I took it back to my hotel. By the time I carried it up to my room, the take-out container had started leaking. The bag and the box were an unholy mess. I put it in the bathroom in my room. The next morning I opened it, grabbed a piece of chicken, and took a bite. The chicken was dry and greasy. It turns out that chicken Grande from Mosca's doesn't travel well at all. I realized I was at a New Orleans crossroads leftover-wise. I took a deep breath, grabbed the bag with the chicken, and brought it down to the street, where I unceremoniously dumped it in a garbage can at the corner of Royal and Iberville in the French Quarter. It was a leftover liberation moment for me. I had licked my New Orleans leftover problem, at least for the time being.
Two hours later my friend Pableaux Johnson and I were eating lunch at Bozo's, one of my favorite places for fried seafood po-boys in New Orleans. Bozo's had moved from city to a nearby suburb Metairie about twenty years ago, and I hadn't been there in nearly that long, so we ordered a lot of food: gumbo, barbecued shrimp, oyster po'boy, shrimp po'boy, and a cheeseburger po'boy. I took a few bites of everything we ordered and-gasp-neither of us took the leftovers out of the restaurant. It was another small step for serious eater kind.
On Saturday night I ate with my friend Lolis Eric Elie at the great Louisiana chef Donald Link's new Butcher Shop, where he serves seriously delicious sandwiches made with house-cured meats and sausages. We ordered a duck pastrami sandwich, a beef pastrami reuben, a muffaletta made entirely with housemade cold cuts, a pizzetta, and a couple of other tapas. Lolis needed those leftovers to fuel what was going to be a late night of writing, so he took all of our leftovers home.

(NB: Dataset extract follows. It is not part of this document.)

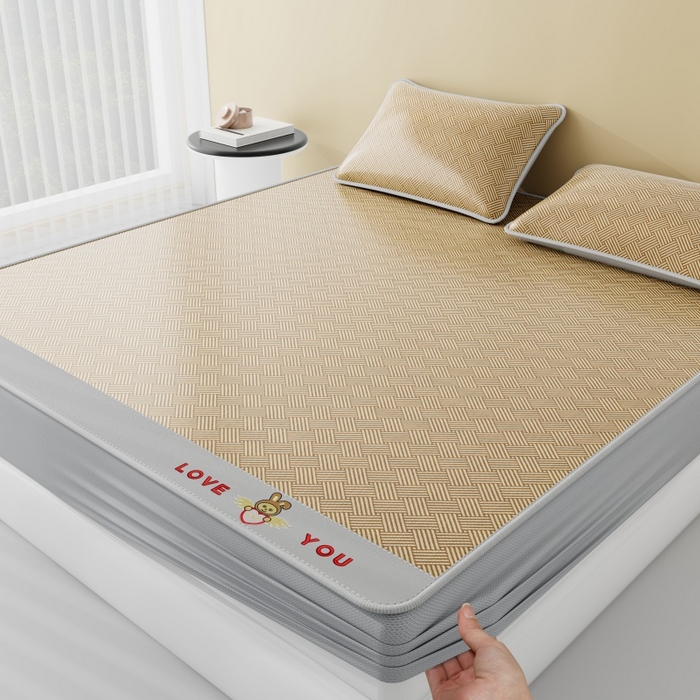 91家纺网 家纺一手货源 找家纺 好福居 2026新款凉感床笠款冰丝席凉席-萌宠布布 萌宠布布-咖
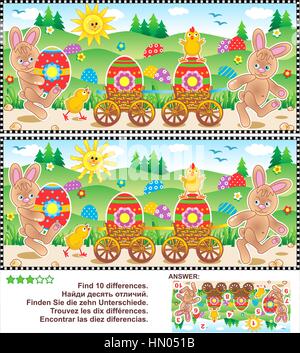 Pasqua a trovare le differenze rompicapo Illustrazione Vettoriale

Having at least temporarily licked my New Orleans leftover problem I resolved to also come to grips with my New Orleans final solution issue. Whenever I leave New Orleans I usually stop at some classic New Orleans spot on my way to the airport to pick up something to eat on the plane. I have eaten everything from ham biscuits with debris from Mother's to pecan pie and red beans and rice from the Camellia Grill on airplanes. Messy, maybe. Delicious, definitely.
This time I had the cab take me straight to the New Orleans airport without stopping. I bought two bananas at the airport. I don't know if I have licked my New Orleans leftover problem for good, but during this week of Passover it was good to find out that at least this time, this trip to New Orleans was not like all the others.
I of course took my trusty sidekick Thinner to New Orleans, so I knew that even with my new leftover regimen I had gained a pound or two there. But I have been ever vigilant the rest of the week. I was even really careful at my family's seder last night, though my sister-in-law Carol's brisket and matzo ball soup, and Vicky's matzo crunch and Lemon Nut Torte were seriously, seriously delicious. Between New Orleans and the seder, I would be happy with an even week. Here we go: 222.
I had lost a pound in New Orleans, probably a pound of leftovers happily left in the restaurants they were served in.